I have a company right now. I would not name but them. But the point is one person asked me about like the feedback about them and I asked around and the core problem why they not growing by the way they eat like serious beef folks is actually arrogance of the CEO and like CEO and plus again founding team that they just cannot get this control from their hand that micromanaging everything and they afraid to hire a person that smarter than them.
[00:11:18] Speaker B: Do you find that to be a younger founder problem or is that a founder problem of all age groups?
[00:11:25] Speaker A: I think it's a personality problem. Again in those cases folks is I think around 40s.
[00:11:30] Speaker B: Okay, so yeah, so it's so it's typical Gen Z. You think by 40 they would have figured it out by now?
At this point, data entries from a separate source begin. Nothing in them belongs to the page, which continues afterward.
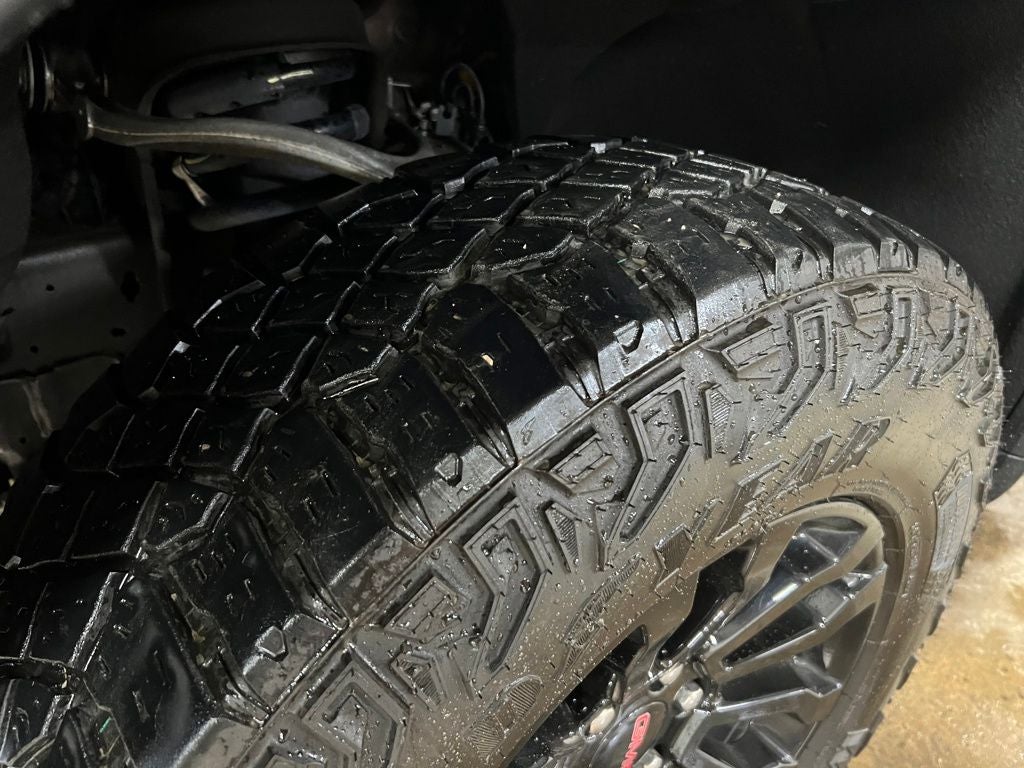 2023 GMC Sierra 1500 AT4X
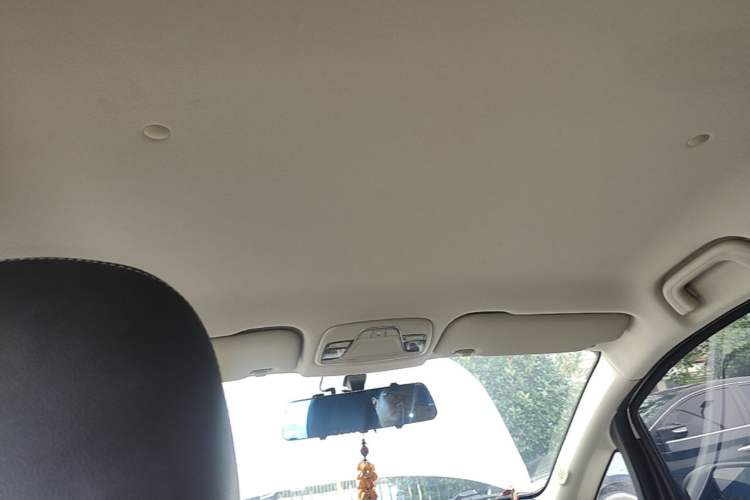 Used Geely Auto Vision X3 2020 1.5L Manual Elite Edition Headliner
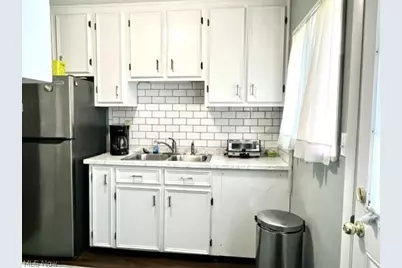 902 Warrington Road, Akron, OH 44320 - Photo 11
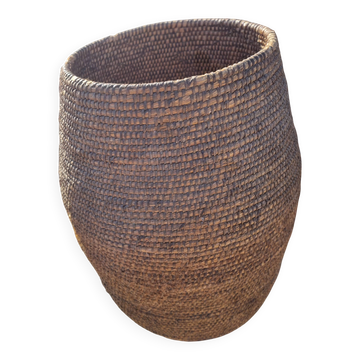 Immense grain basket 19th century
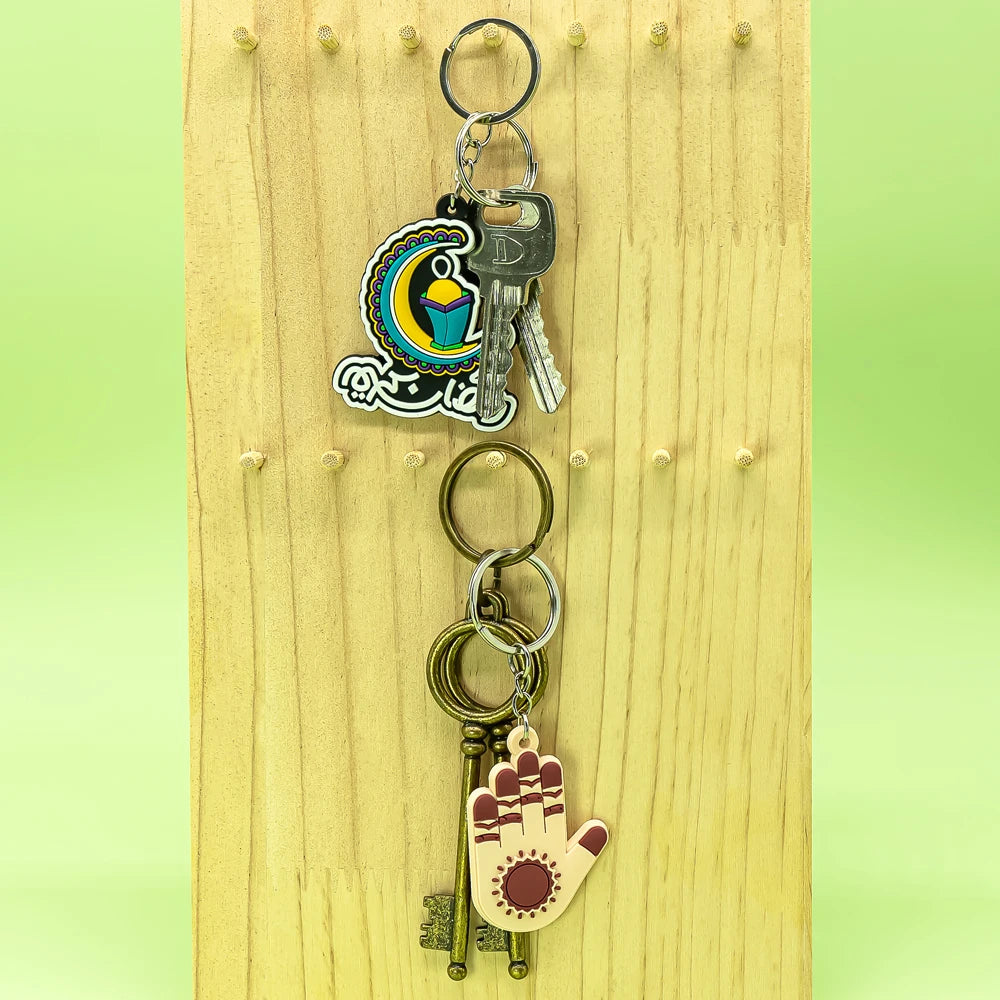 New Arrival Luxury Keychain Custom Arabic Currency and Golden Design for Business Promotions and Collectors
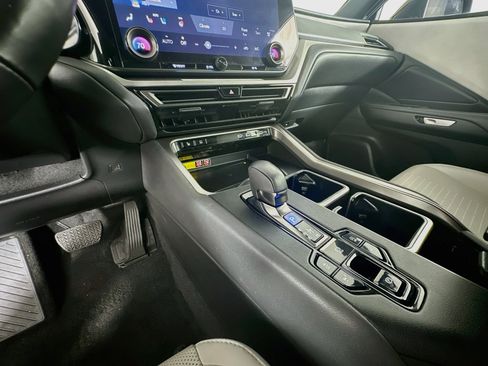 Used 2025 Lexus TX 350 AWD w/ Technology Package image 24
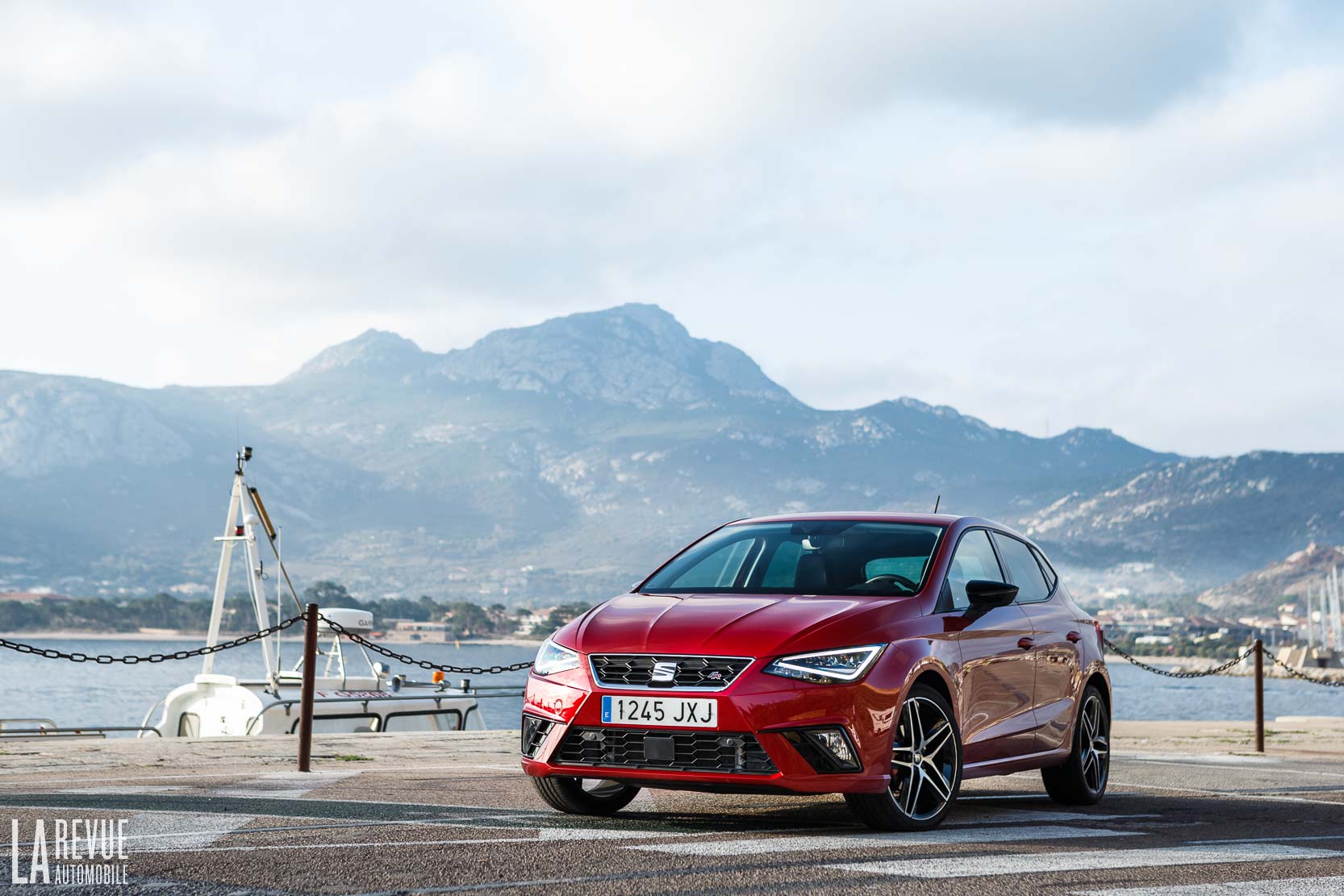 Image principale de l'actu: Essai SEAT Ibiza FR 150 TSI : à défaut de CUPRA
[00:11:36] Speaker A: Yeah, but again I don't think it's a problem of specific age group or anything of this nature. I think this is just like a feedback loop. Sometimes you just need to be hit harder to be able to change. And again, I mean the point is if things that you're doing is working, doesn't really matter. Again, Steve Jobs was not a great person in many ways and many people will hate him for doing things that he's doing he done. But same as like Elon Musk. Many people would praise Elon Musk and many people will hate him. Not talking about any politics stuff, I'm talking about the companies that.
[00:12:12] Speaker B: Well, you know, to your point, I've heard multiple people say that Steve Jobs would have never been able to accomplish what he did if he wouldn't have had Tim Cook fantastic at visioning and Tim Cook was actually really good at getting Stuff built and done. So it's sort of like Google that they had the vision, but Eric Schmidt was the one that like was able to take that vision and put it into reality. And I think. And so like when you're doing in your consulting, is there anything you do with your leaders and founders to help them kind of understand what their skill set, what they're good at and what they're not good at so that they can sort of avoid these or is it that more of like a one on one sort of private conversation you're having with them?
[00:12:51] Speaker A: It is a hard conversation to have because you want to slightly arrogant CEO still.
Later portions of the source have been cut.